What this task involves
Skipping any pictures, give all of the records below again exactly.

****************

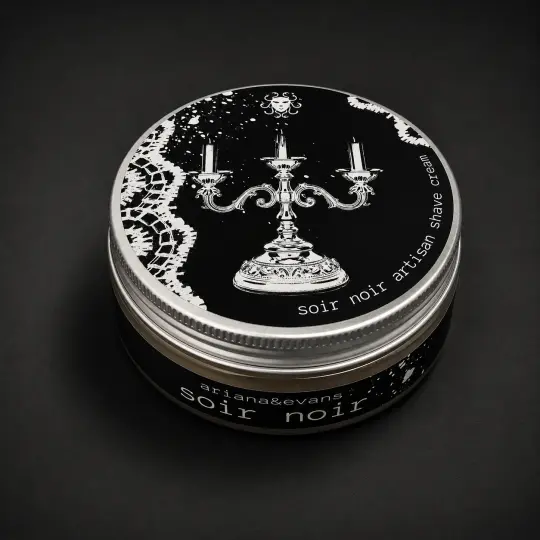 Soir Noir Shaving Cream
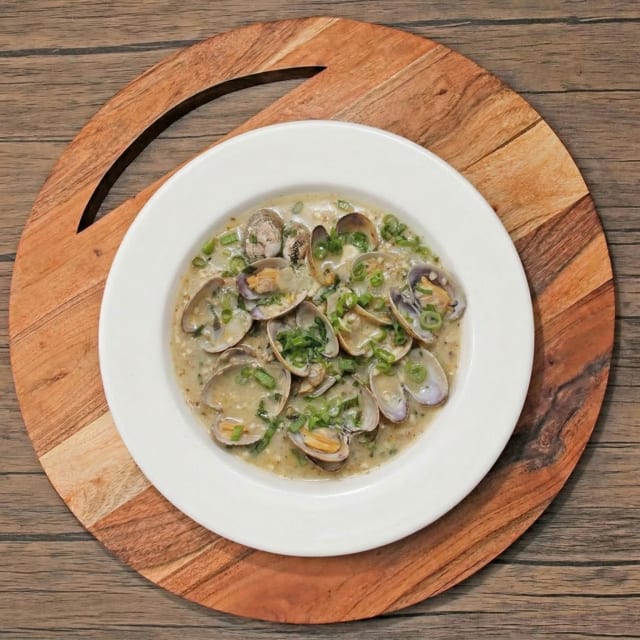 Steamed Clams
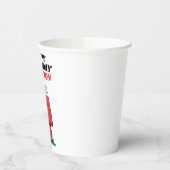 Pinda's Snoopy Hondenhuis Verjaardag Papieren Beke Papieren Bekers (Links)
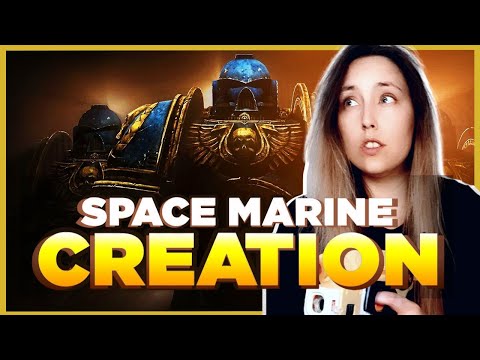 Learning How to Become a Space Marino | WARHAMMER 40,000 Lore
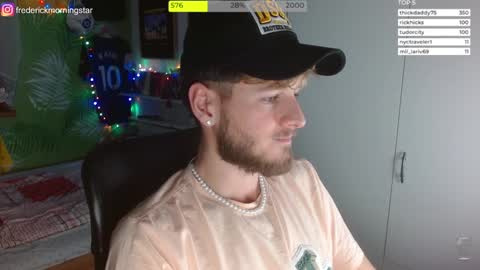 Snapshot of freddy_star chatting on February 2025 12:04:01 AM Frederick Perin online show from February 2025 12:04:01 AM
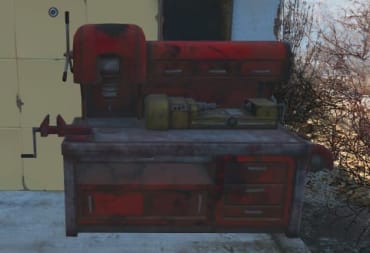Fallout 4 Settlement Improvement Workbench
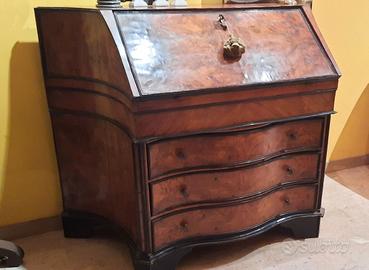 antico bureau ribalta del'700 originale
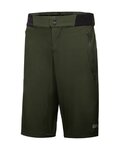 GORE κοντά παντελόνια χωρίς ιμάντες - C5 - πράσινο
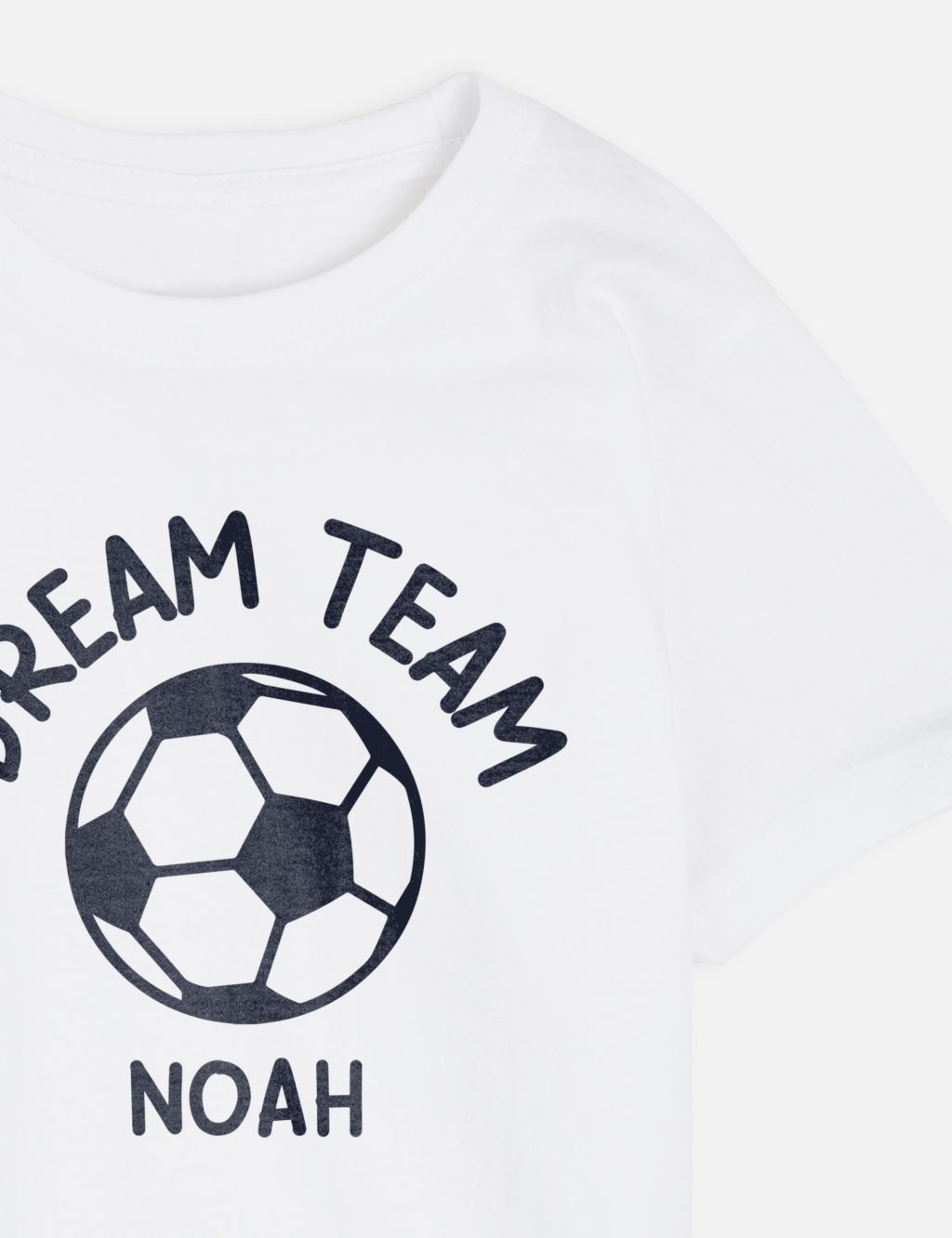Personalised Kid's Football Pyjamas 2 of 3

****************

Expected output
 Soir Noir Shaving Cream
 Steamed Clams
 Pinda's Snoopy Hondenhuis Verjaardag Papieren Beke Papieren Bekers (Links)
 Learning How to Become a Space Marino | WARHAMMER 40,000 Lore
 Snapshot of freddy_star chatting on February 2025 12:04:01 AM Frederick Perin online show from February 2025 12:04:01 AM
Fallout 4 Settlement Improvement Workbench
 antico bureau ribalta del'700 originale
 GORE κοντά παντελόνια χωρίς ιμάντες - C5 - πράσινο
Personalised Kid's Football Pyjamas 2 of 3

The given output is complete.